*** Information ***

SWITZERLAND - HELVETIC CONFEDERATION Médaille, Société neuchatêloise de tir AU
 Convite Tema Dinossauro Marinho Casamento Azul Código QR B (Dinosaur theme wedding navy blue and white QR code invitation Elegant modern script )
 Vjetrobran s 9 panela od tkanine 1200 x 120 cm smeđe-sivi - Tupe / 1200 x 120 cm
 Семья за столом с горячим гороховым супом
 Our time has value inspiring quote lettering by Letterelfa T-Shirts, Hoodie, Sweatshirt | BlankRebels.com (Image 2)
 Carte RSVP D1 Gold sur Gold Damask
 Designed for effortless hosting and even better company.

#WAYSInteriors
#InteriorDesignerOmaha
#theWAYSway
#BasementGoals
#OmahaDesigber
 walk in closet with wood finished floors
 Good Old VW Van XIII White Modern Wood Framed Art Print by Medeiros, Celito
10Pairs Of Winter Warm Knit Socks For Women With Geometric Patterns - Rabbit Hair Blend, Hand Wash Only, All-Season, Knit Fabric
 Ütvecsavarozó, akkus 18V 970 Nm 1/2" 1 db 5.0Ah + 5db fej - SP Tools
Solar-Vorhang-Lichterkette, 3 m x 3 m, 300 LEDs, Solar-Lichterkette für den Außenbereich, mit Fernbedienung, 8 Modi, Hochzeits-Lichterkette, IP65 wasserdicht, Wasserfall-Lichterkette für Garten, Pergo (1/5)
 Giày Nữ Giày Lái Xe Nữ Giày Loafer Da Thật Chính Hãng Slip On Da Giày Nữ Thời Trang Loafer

*** End of Information ***

◆ Task goal ◆
The line with "#BasementGoals" and all lines after it through the end of the data above: write these out exactly and add nothing.

◆ Solved exercise ◆
#BasementGoals
#OmahaDesigber
 walk in closet with wood finished floors
 Good Old VW Van XIII White Modern Wood Framed Art Print by Medeiros, Celito
10Pairs Of Winter Warm Knit Socks For Women With Geometric Patterns - Rabbit Hair Blend, Hand Wash Only, All-Season, Knit Fabric
 Ütvecsavarozó, akkus 18V 970 Nm 1/2" 1 db 5.0Ah + 5db fej - SP Tools
Solar-Vorhang-Lichterkette, 3 m x 3 m, 300 LEDs, Solar-Lichterkette für den Außenbereich, mit Fernbedienung, 8 Modi, Hochzeits-Lichterkette, IP65 wasserdicht, Wasserfall-Lichterkette für Garten, Pergo (1/5)
 Giày Nữ Giày Lái Xe Nữ Giày Loafer Da Thật Chính Hãng Slip On Da Giày Nữ Thời Trang Loafer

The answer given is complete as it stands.